= Patrick MacMahon (bishop) =

Irish bishop

Patrick MacMahon, O.F.M. (died c.1572 or c.1575) was Bishop of Ardagh in Ireland, recognised at various times by both the Roman Catholic church in Ireland and the Church of Ireland. His appointment to the see was approved by the Vatican on 14 November 1541. The Reformation in Ireland had begun, but there was not yet a definitive break between, on the one hand, the hierarchy recognised by the Roman Curia and, on the other hand, the established church recognised by the Dublin Castle administration of the English king Henry VIII. The Diocese of Ardagh was in the Annaly region of the Farrell clan, of whom Richard O'Ferrall had secured the temporalities of the diocese in July 1541. George Cromer, the Church of Ireland Archbishop of Armagh and primate of all Ireland, recognised O'Ferrall and had him consecrated on 22 April 1542. Cromer's successor George Dowdall on 15 May 1544 appointed MacMahon instead as a suffragan bishop inter Hibernicos ("among the [[Gaelic Ireland|[Gaelic] Irish]]").
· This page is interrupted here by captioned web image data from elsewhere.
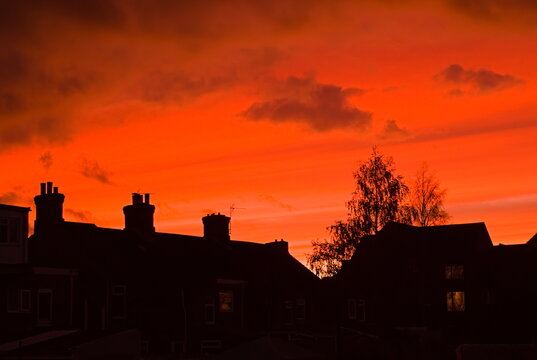 stunning sunset over house rooftops in Silhouette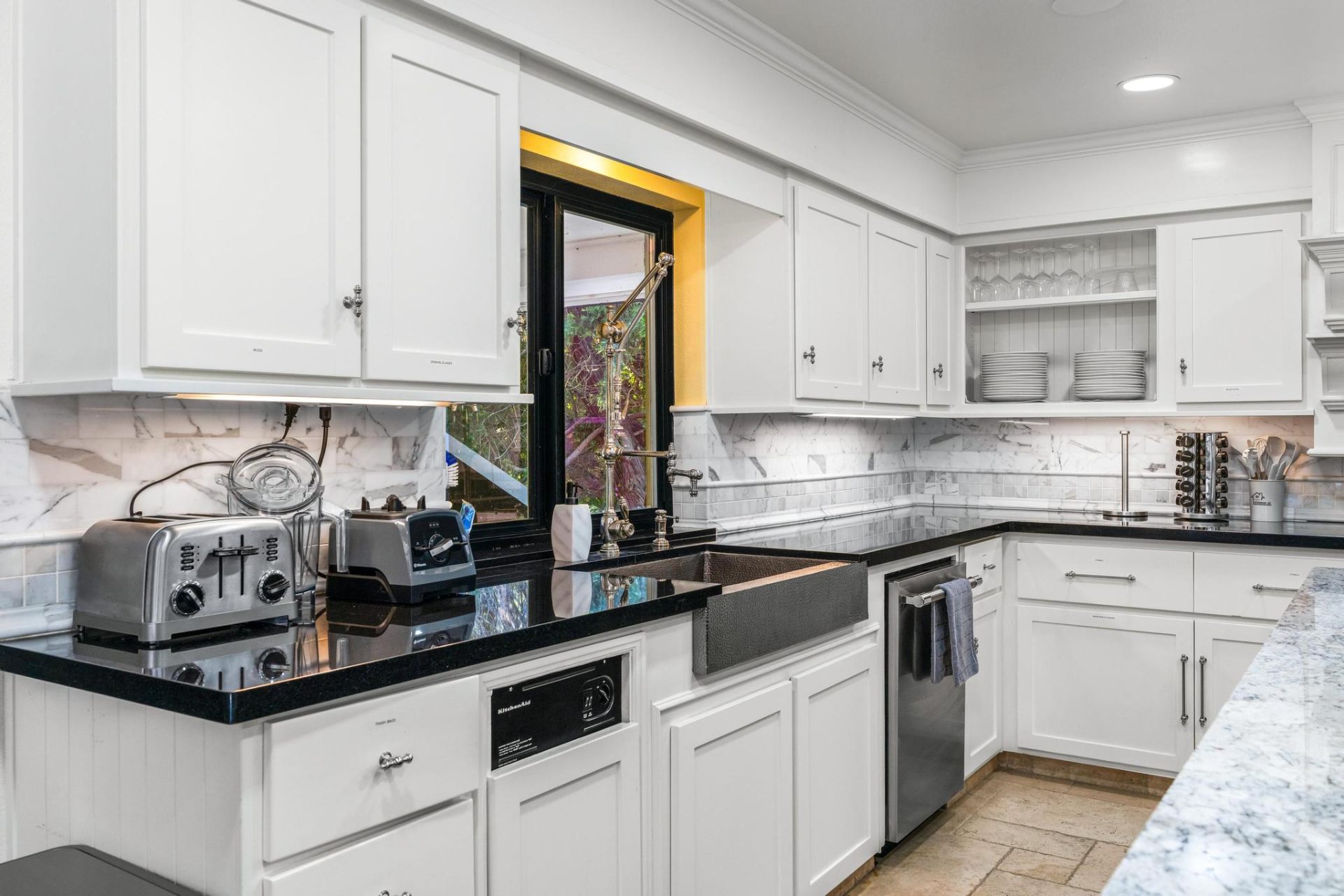 Marble backsplash and copper farmhouse sink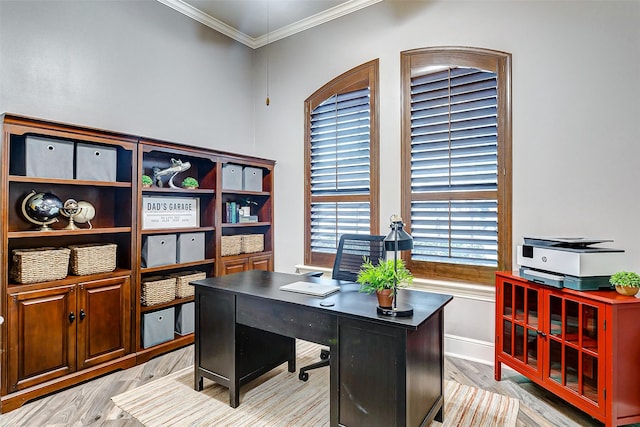 office with light wood-type flooring and ornamental molding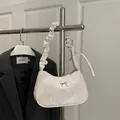 Chic beige underarm bag with pleated strap and silver bow detail for winter fashion - White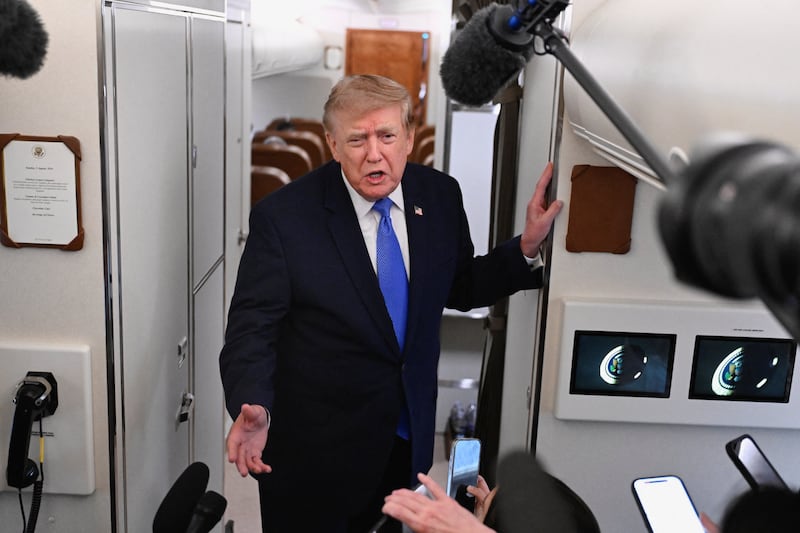 U.S. President Donald Trump speaks to the media aboard Air Force One en route to Joint Base Andrews, in Maryland, U.S., August 2, 2026.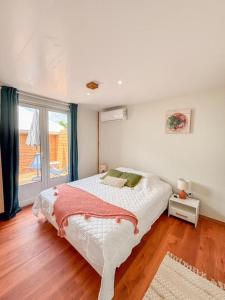 une chambre avec un lit et une grande fenêtre dans l'établissement APPARTEMENT "Ti CABANE" villa Bel Kay Nou, à Sainte-Luce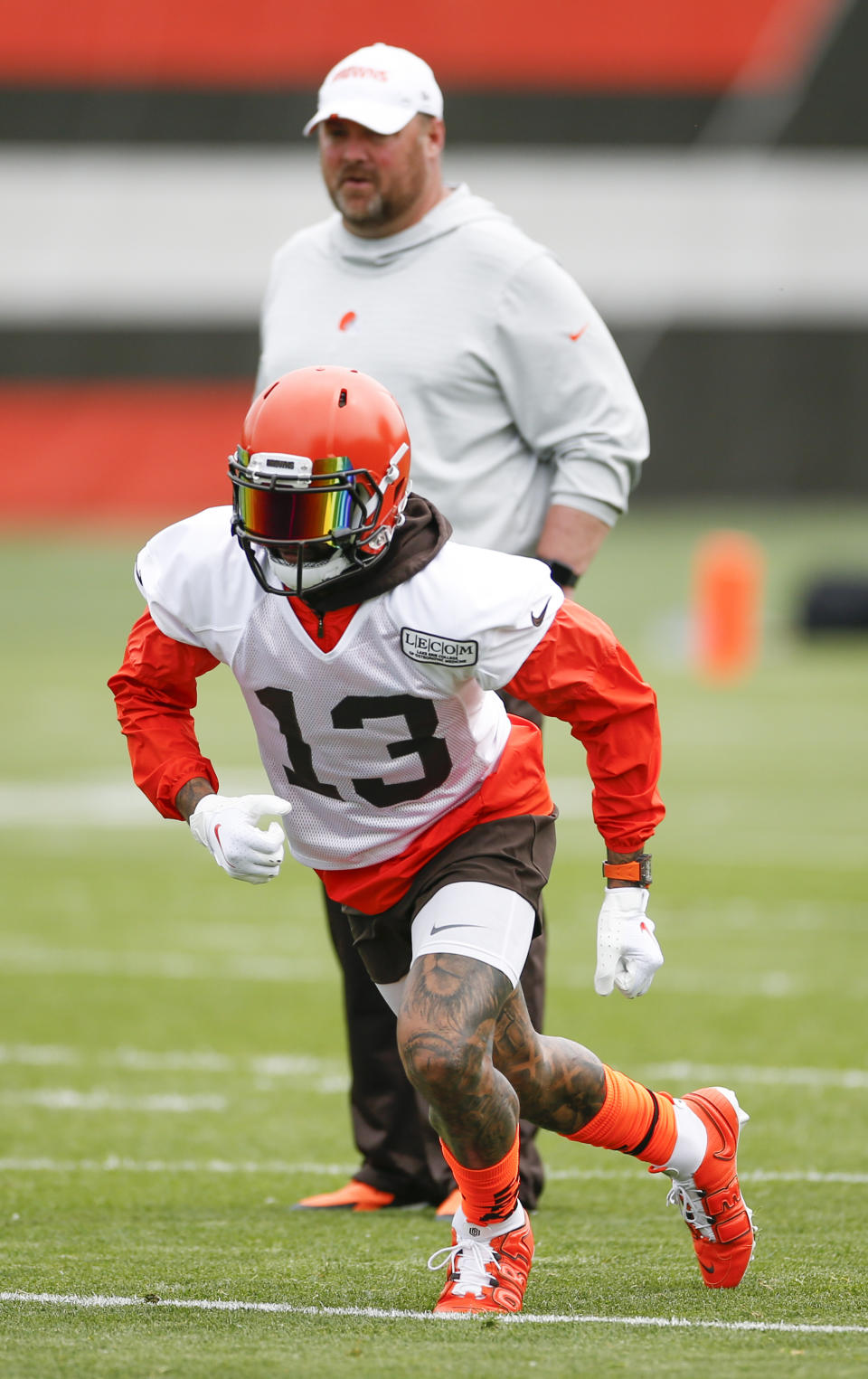Cleveland Browns wide receiver Odell Beckham Jr. (13) runs through a drill as head coach Freddie Kitchens looks on at the team's NFL football training facility in Berea, Ohio, Tuesday, June 4, 2019. (AP Photo/Ron Schwane)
When the Catholic Queen Mary I succeeded to the throne in 1553, papal supremacy was recognised and MacMahon received the temporalities of Ardagh. While Monahan says that Ardagh was vacant in the Church of Ireland after the accession of Elizabeth I, others regard MacMahon as retaining his place in both hierarchies. A possibly forged papal bull, dated 1568, deprives MacMahon of his see for simony, non-residence, and neglect of the cathedral. A putative 1572 letter from Marshalsea from a former bishop "Malachy" of Ardagh, abjuring "papistical superstition" and promising loyalty to Elizabeth, may if genuine be from MacMahon. MacMahon's death is inferred to have occurred either before 5 November 1572, when a successor was appointed in the Church of Ireland, or else during 1575, before Richard Brady was appointed by the Vatican on 23 January 1576.